I decided to leave that thing in place instead of disturbing the wires any more until I replaced EVERYTHING (there goes the nice paintjob).

But you know how it is with temporary things.... [Linked Image] -- wish I wasn't short of money right now.... [Linked Image]

[This message has been edited by SvenNYC (edited 08-26-2003).]

#28627 - 08/26/03 07:45 PM Re: Life expectancy of a rubber pigtail lampholder  
CanadianSparky  Offline
Joined: Mar 2001
Posts: 85
Alberta Canada
Quick question, whats everyone paying for these right now? I'm in the same boat as pinemarten, exact same use.

#28628 - 08/26/03 10:07 PM Re: Life expectancy of a rubber pigtail lampholder  
SvenNYC  Offline
Joined: Aug 2002
Posts: 1,691
New York City
Yesterday I called up my kid brother from work and asked him to go to a real electrical supply house near his neighborhood to pick up two new ones (UL listed and mfg by West Port Mfg. in USA).

He paid US$1.25 for each and they appear to be made out of vinyl instead of vulcanized rubber. Construction seems decent...except they use 16AWG TFF stranded instead of the usual 14AWG stranded for the pigtails.

The cheap-cheezey (non-UL) listed black rubber sockets from China that I see in hardware stores across town are $2 and change. I think I saw one place selling them for $2.79 ( [Linked Image] )

There's one company (Cooper, I believe) that makes them out of BAKELITE! I've been trying to score one...but no luck, so far -- two of the supply houses I called don't carry those -- one doesn't even carry any type of lampholder.

These bakelite ones are the ones used normally in making those lighting strings I mentioned for use in the subway during construction.

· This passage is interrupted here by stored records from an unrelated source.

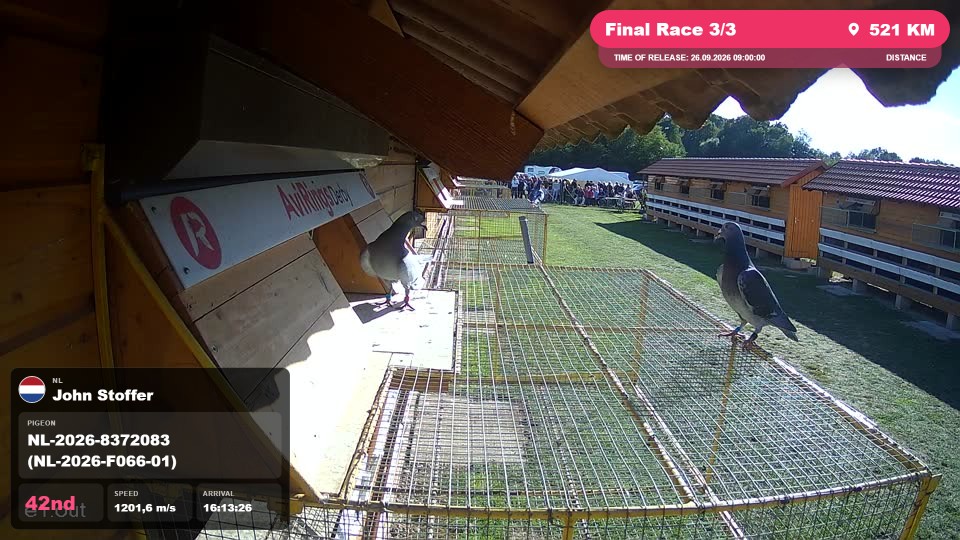 Pigeon Arrival Image For Race Final Race 3/3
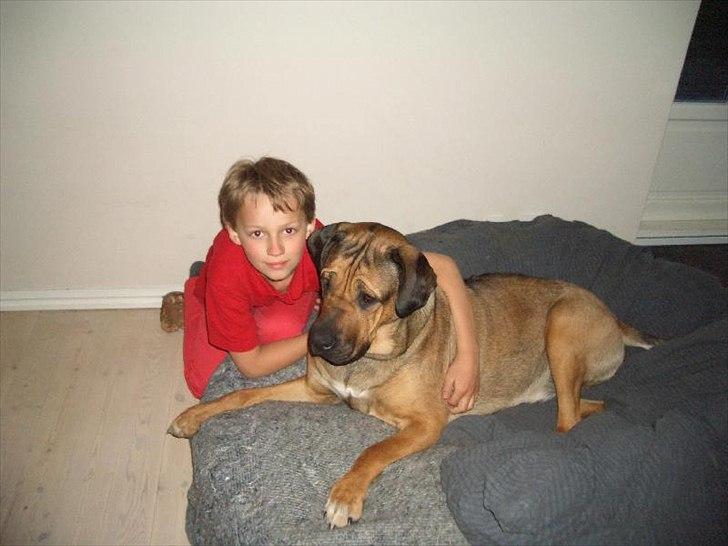 Blanding af racer Luna billede 1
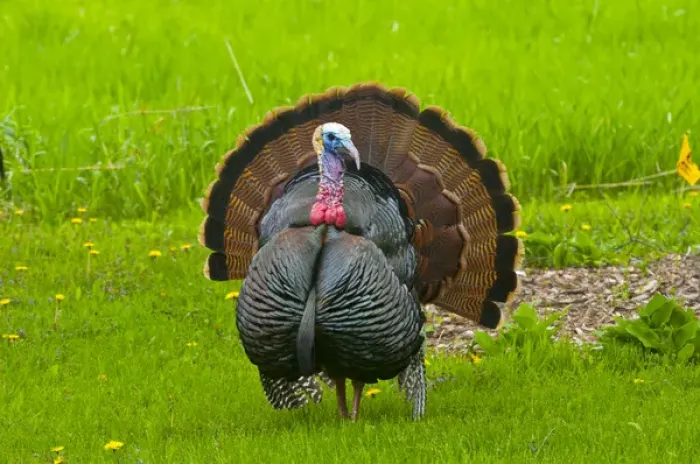 Framed Print : North America, USA, Minnesota, Mendota Heights, Wild Tom Turkey Displaying in urban yard Framed Print : North America, USA, Minnesota, Mendota Heights, Wild Tom Turkey Displaying in urban yard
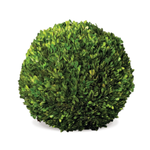 Winward Floral & Seasonal Decor Preserved Boxwood 16" Ball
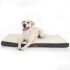 Cama Puff Plegables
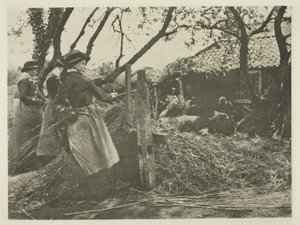 Hasır Soyma (Norfolk) by Peter Henry Emerson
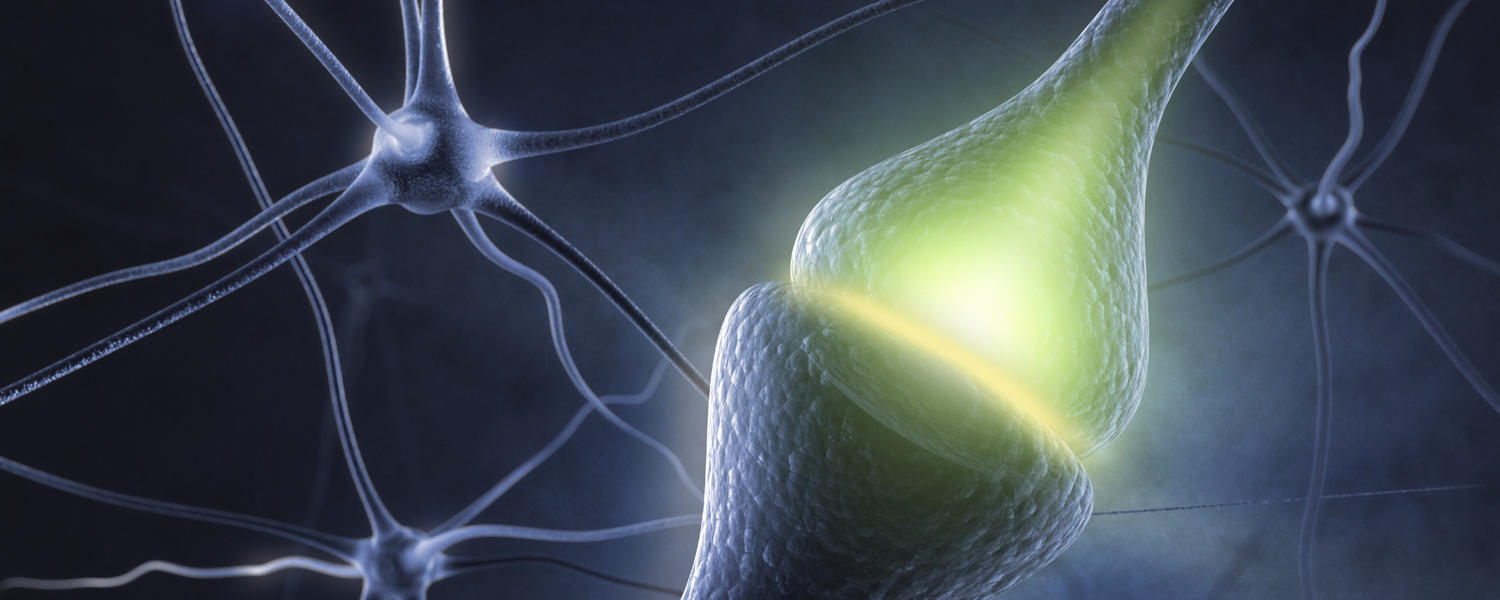 synapse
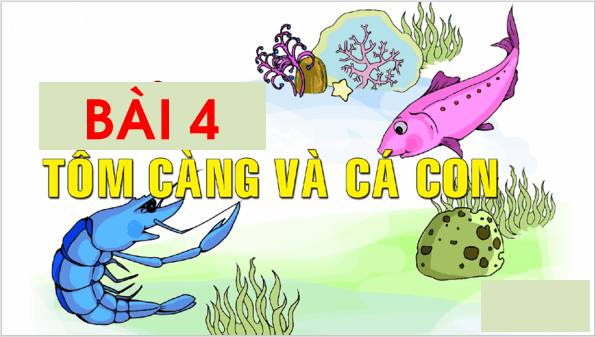 Giáo án điện tử Bài 4: Tôm càng và cá con lớp 1 | PPT Tiếng Việt lớp 1 Chân trời sáng tạo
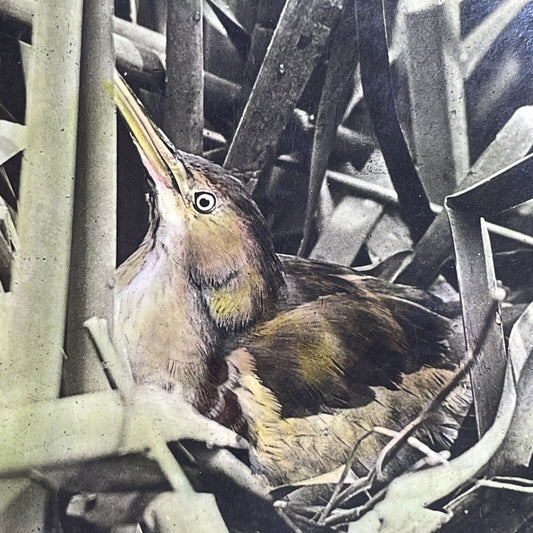 Antique 1908 Least Bittern Hiding In Nest Stereoview Photo Card PC785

Today I was in a job-lot surplus store that was selling Mexican Leviton rubber sockets for like US$2.50 or so.

#28629 - 08/27/03 11:48 AM Re: Life expectancy of a rubber pigtail lampholder  
mamills  Offline
Joined: Nov 2001
Posts: 745
Wharton, Texas, USA
Sven: In an old house where I used to live many years ago, the entire service entrance consisted of a 60a. 240 volt safety switch (with a-base meter above, of course) and two of those bakelite sockets connected to the load lugs at the bottom of the switch, along with conductors to feed an electric range. The sockets simply laid inside on the bottom of the switch box, and each one contained a 30a. fuse for the two 120v. lighting circuits(neat, huh... [Linked Image] ). I changed the fuses to 15 amp., then had the entire house rewired shortly thereafter. I'm guessing that those bakelite sockets had been there since about 1940 or so. They seemed to be in reasonably good condition, save the brittle rubber-covered conductors from the excessive heating.

Mike (mamills)

[This message has been edited by mamills (edited 08-27-2003).]

#28630 - 08/27/03 04:48 PM Re: Life expectancy of a rubber pigtail lampholder  
classicsat  Offline
Joined: Nov 2002
Posts: 456
They are used in barns also, we have a couple of the 1950s ones still in service.

I have also seen them used as fuseholders for pole mounted light fixtures.

#28631 - 08/27/03 05:30 PM Re: Life expectancy of a rubber pigtail lampholder  
SvenNYC  Offline
Joined: Aug 2002
Posts: 1,691
New York City
So have I. I don't believe they're listed for use as fuseholders.

Apparently fuseholders must have the amperage rating stamped on them. Lampholders have wattage ratings on them.

Has anyone seen a pigtail with amp ratings on them? I've only seen them labelled 600 or 250 volts/660 watts.